The 27-year war can be divided roughly into three periods of major fighting—from 1975 to 1991, 1992 to 1994 and from 1998 to 2002—with fragile periods of peace. By the time the MPLA achieved victory in 2002, between 500,000 and 800,000 people had died and over one million had been internally displaced. The war devastated Angola's infrastructure and severely damaged public administration, the economy, and religious institutions.
The Angolan Civil War was notable due to the combination of Angola's violent internal dynamics and the exceptional degree of foreign military and political involvement. The war is widely considered a Cold War proxy conflict, as the Soviet Union and the United States, with their respective allies Cuba and South Africa, assisted the opposing factions.
Human Rights Watch estimates UNITA and the government employed more than 6,000 and 3,000 child soldiers, respectively, some forcibly impressed, during the war. Additionally, human rights analysts found that between 5,000 and 8,000 underage girls were married to UNITA militants
This is also the period of the Blood Diamonds from Angola.
- Blood diamonds (also called conflict diamonds, brown diamonds, hot diamonds, or red diamonds) are diamonds mined in a war zone and sold to finance an insurgency, invasion, terrorism, or warlordism. The term is used to highlight the negative consequences of diamond trade in certain areas, or to label an individual diamond as having come from such an area. Diamonds mined during the 20th- and 21st-century civil wars in Angola, Ivory Coast, Sierra Leone, Liberia, Guinea, and Guinea-Bissau have been labeled as such.
Today Angola is nominally a multi-party republic but is widely classified as an authoritarian regime rather than a functioning democracy.
All this history had set our expectations. Yet we found a dynamic, clean, organized and growing city.
Our tour was panoramic with the first stop at the bay for photos. The cathedral was under renovation so we couldn’t visit.
We next visited Fortaleza de Sao Miquel built in 1576 by Paulo Dias de Novais. It became the administrative center of the colony in 1627. It was a major site for slave traffic that was exported to Brazil. The fort is well maintained and contains various weapons, as expected. The room in the center of the fort is beautiful, lined with original blue and white Portuguese tiles. They have likely been restored as the colours are vivid and alive. Surprising to see such beauty inside a military fort.
We walked the ramparts and took photos over the city.
We then drove to the Ilha de Luanda (which is really a peninsula). It’s a seven-kilometer stretch of beautiful beaches.

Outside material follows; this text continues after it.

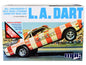 Skill 2 Model Kit Bill Shrewsberry's L.A. Dart Wheelstander Drag Car "Legends of the Quarter Mile" Series 1/25 Scale Model Car by MPC  free shipping USA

We drove by the Unknown Soldier Memorial, the Mausoleum of Antonio Agostinho Neto (the first president of the country) and the National Assembly building.
We returned to the ship (note no souvenir shop stops- clearly not many tourists visit the country). Other friends visited a resort and said it was beautiful. The smell in the city isn’t pleasant. You can see the oil refinery from the ship. But our friends said their couple of hours at the beach were pleasant.
After returning we analyzed the situation further. First, the guide shared very little on the history, income or other pertinent facts about the country which most trained tour guides typically focus upon.
The city has a population of almost 10 million (-- a quarter of the entire country’s population). Yet the streets were empty, very odd for a working day.
We had a police escort for the buses on our tour—was that to keep the roads open (which seemed unnecessary) or something else? We left our conversation with the thought that perhaps our experience had been sanitised.
All an all perhaps not the most interesting or dynamic experience but we are glad to have had a small glimpse into this country.